**AIM OF THE EXERCISE**
Starting at the line that contains "Tibbiyot Kasbiga Kirish 3", write out every line through the last one in the records below, word for word. Leave out any pictures.

**INPUT MATERIAL**
=== Begin Enclosure ===

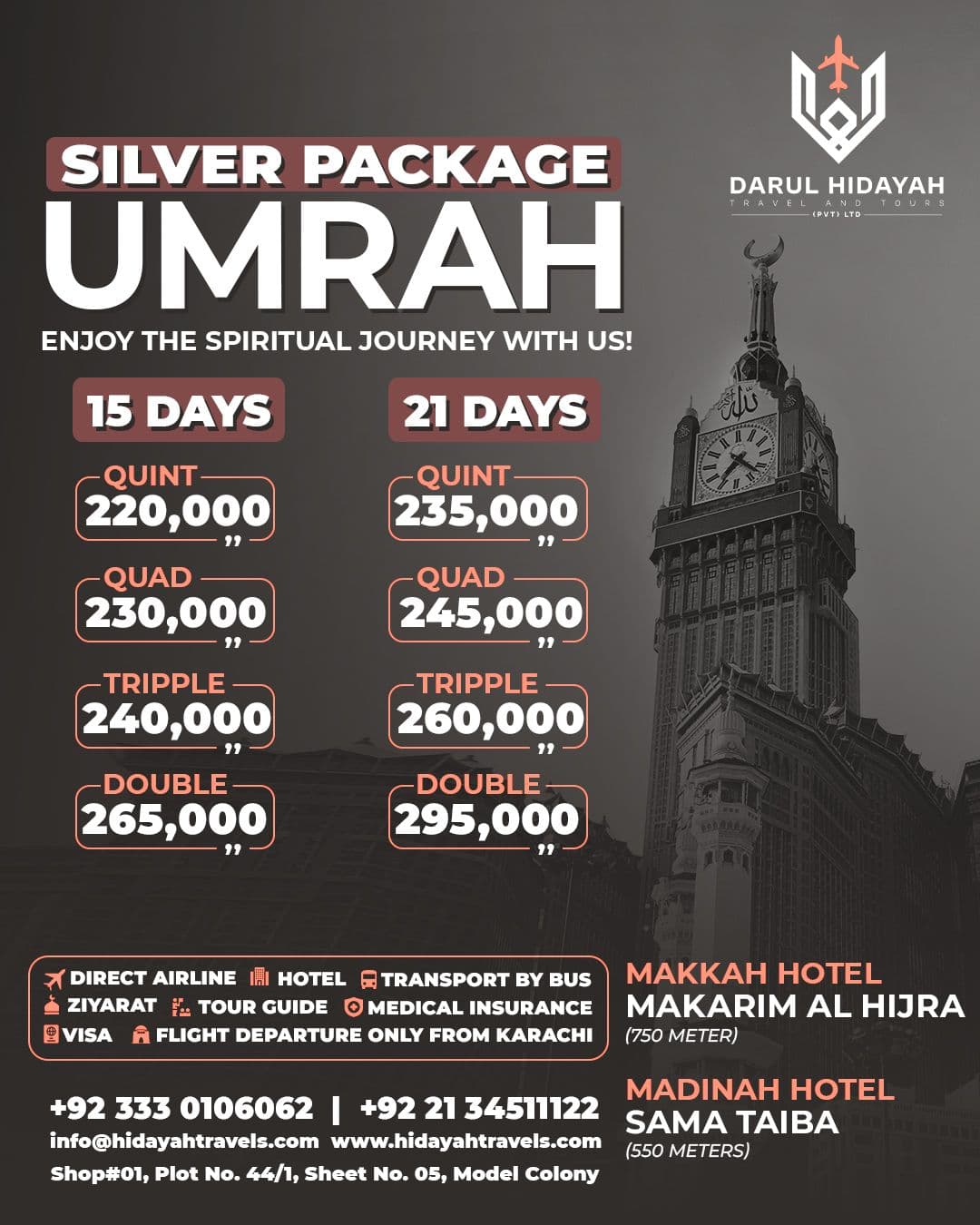 Darul Hidayah Travels work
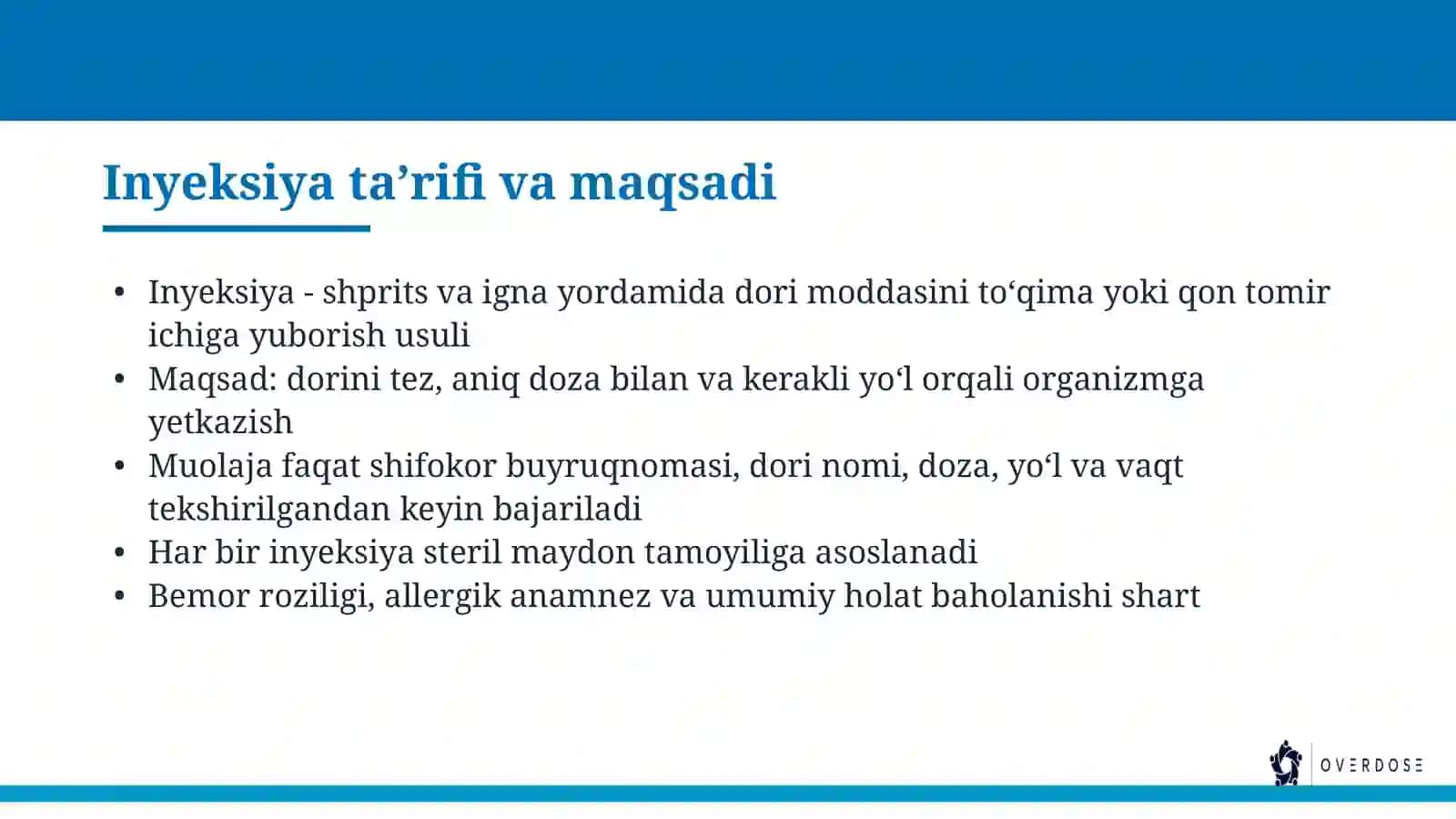 Tibbiyot Kasbiga Kirish 3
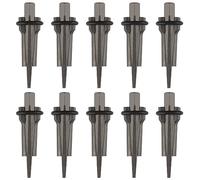 10 paquetes de divisores de piedra de 5/8 pulgadas, cuñas de cuña y plumas, herramientas de mano de piedra de hormigón GENHAKON.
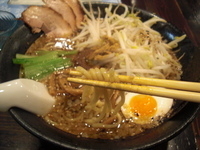 「魚介ガッツリラーメン850円」@支那そば きび 桃太郎外伝の写真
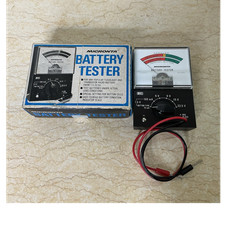 Testeur de batterie vintage Micronta 22-030A pour piles 1,5-22,5V et pile bouton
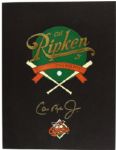 1995 Cal Ripken Baltimore Orioles Signed Letter & Program - JSA 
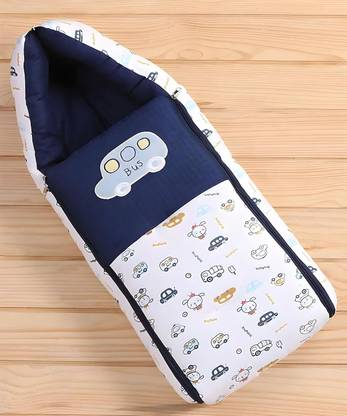 Kalayan Baby Sleeping Bag 3in1 Cotton Comfortable For New Born Baby Carry Bag 0-12 Month Sleeping Bag
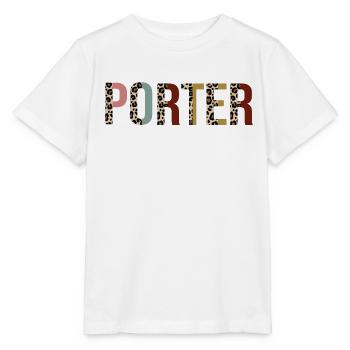 Porteur - T-shirt bio MINI CREATOR Stanley/Stella Enfant - blanc - Devant - Maike (125cm)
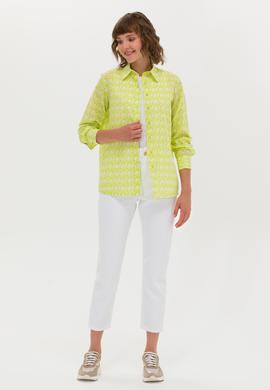 Kadın Neon Sarı Uzun Kollu Gömlek - 50264225010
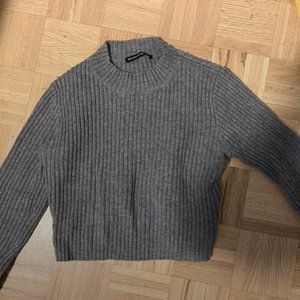 brandy melville knit cropped sweater
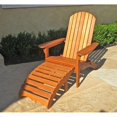 thumbnail image 1 of International Caravan Royal Tahiti Chaise d'Extérieur avec Repose-Pieds, 1 of 2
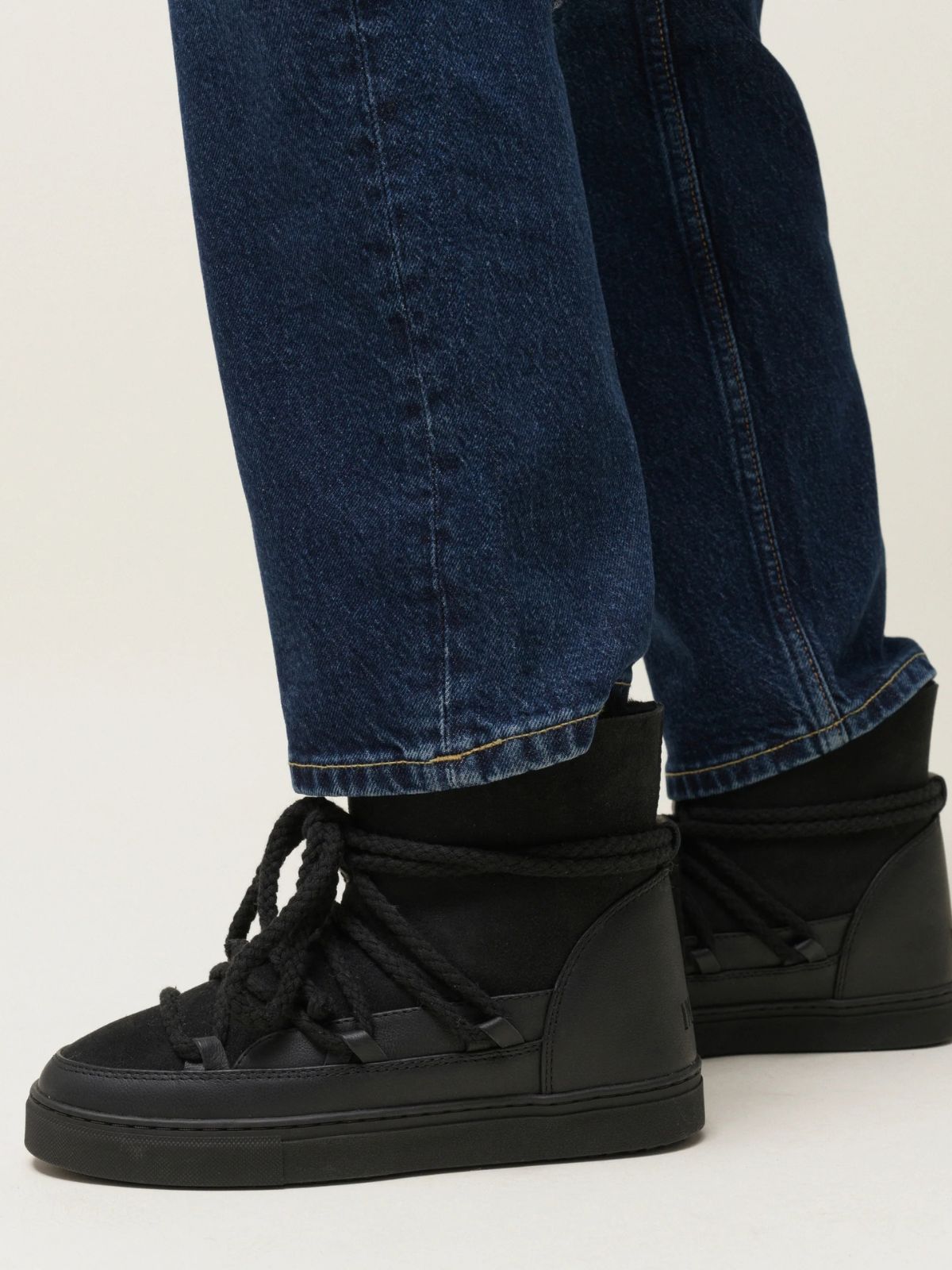Classic Suede Ankle Boots - Black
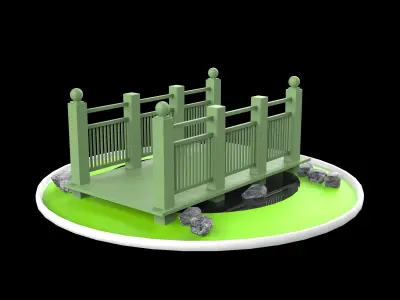 bridge Low-poly 3D model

=== End Enclosure ===

**SOLUTION TO THE PROBLEM**
 Tibbiyot Kasbiga Kirish 3
 10 paquetes de divisores de piedra de 5/8 pulgadas, cuñas de cuña y plumas, herramientas de mano de piedra de hormigón GENHAKON.
 「魚介ガッツリラーメン850円」@支那そば きび 桃太郎外伝の写真
 Testeur de batterie vintage Micronta 22-030A pour piles 1,5-22,5V et pile bouton
 1995 Cal Ripken Baltimore Orioles Signed Letter & Program - JSA 
 Kalayan Baby Sleeping Bag 3in1 Cotton Comfortable For New Born Baby Carry Bag 0-12 Month Sleeping Bag
 Porteur - T-shirt bio MINI CREATOR Stanley/Stella Enfant - blanc - Devant - Maike (125cm)
 Kadın Neon Sarı Uzun Kollu Gömlek - 50264225010
 brandy melville knit cropped sweater
 thumbnail image 1 of International Caravan Royal Tahiti Chaise d'Extérieur avec Repose-Pieds, 1 of 2
Classic Suede Ankle Boots - Black
 bridge Low-poly 3D model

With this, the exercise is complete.